The reality of the “multicultural”, describing the mere presence
of many cultures within a society, has been present in India for several
millennia. But “multiculturalism” is different: it is a special
kind of relationship adopted by the state towards different cultural communities
that fall within its sovereignty. In addition, it is the official, doctrinal
articulation of this stance; and a label for theories of this doctrine,
propounded and argued over by academics and journalists.
While India might be invoked descriptively in treatments of the epiphenomena
of multiculture, it is rarely mentioned in most theoretical discussions
of multiculturalism.

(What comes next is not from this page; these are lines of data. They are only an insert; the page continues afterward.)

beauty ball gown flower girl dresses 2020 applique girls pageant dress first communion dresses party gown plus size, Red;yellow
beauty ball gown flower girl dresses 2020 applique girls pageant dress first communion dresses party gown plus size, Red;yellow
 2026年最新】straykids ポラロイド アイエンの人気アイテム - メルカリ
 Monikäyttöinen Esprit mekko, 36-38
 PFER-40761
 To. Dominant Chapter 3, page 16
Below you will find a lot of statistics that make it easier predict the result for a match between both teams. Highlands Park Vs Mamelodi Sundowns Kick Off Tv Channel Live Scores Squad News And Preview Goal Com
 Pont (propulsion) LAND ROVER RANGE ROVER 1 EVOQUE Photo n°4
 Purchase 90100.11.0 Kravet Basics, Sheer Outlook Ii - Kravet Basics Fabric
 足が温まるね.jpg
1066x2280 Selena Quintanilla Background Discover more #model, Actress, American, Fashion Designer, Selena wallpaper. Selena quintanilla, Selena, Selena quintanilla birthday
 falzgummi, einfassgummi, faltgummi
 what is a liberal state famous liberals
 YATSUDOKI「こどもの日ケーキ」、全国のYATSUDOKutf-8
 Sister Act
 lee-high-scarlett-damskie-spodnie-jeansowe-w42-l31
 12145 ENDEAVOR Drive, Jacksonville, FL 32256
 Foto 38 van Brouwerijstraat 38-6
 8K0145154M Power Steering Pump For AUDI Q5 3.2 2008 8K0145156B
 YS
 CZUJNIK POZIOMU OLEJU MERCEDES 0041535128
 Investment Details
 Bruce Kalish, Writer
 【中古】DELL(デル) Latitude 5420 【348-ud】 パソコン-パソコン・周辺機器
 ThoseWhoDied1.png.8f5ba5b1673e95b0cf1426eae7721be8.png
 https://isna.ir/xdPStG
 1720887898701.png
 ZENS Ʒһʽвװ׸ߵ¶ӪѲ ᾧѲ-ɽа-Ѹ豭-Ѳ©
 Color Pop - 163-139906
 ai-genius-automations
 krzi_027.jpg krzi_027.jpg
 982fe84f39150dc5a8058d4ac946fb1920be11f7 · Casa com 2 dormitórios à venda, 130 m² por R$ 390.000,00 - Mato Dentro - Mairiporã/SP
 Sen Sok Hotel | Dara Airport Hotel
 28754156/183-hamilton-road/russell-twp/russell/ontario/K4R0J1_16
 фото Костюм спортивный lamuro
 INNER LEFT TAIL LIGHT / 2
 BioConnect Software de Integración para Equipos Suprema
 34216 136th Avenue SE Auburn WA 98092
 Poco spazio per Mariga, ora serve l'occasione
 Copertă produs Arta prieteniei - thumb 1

This is testimony to the narrowness and parochialism
of the dominant public cultures of the west, which still assumes that
it houses the future, not the past.
To deepen our understanding of multiculturalism, to understand its internal
tensions and foresee its problems - and accordingly to refine and focus
public policies - the world needs to look to and learn from India.
The emergence of an “ism”
Will Kymlicka, one of the foremost scholars of the subject, says that
“multiculturalism” as a unique experiment started in Canada
in 1971, and that it was followed in other countries such as Australia.
In a sense he is correct: as official doctrine and theory, it certainly
began life in Canada, and was later adopted in Australia, the United States
and Britain.
The reason why, as a doctrine, multiculturalism appears to have originated
where it did was twofold. First, Canada was already a multinational state,
one characterised by French-speaking Quebec’s refusal to “integrate”
with its English-speaking neighbours on the model of the United States.
Second, Canada was, like the US, a country of immigration.
Canadian governments, both fighting to avoid the break-up of their country
and unable to insist that newcomers accept “melting-pot” integration
into a powerful US-style nationality, embraced a policy that recognised
the right of all its citizens to demand distinct kinds of identities.
The unity of the country thus came to depend upon granting a constitutional
right of difference to its own people within the framework of their nation-state.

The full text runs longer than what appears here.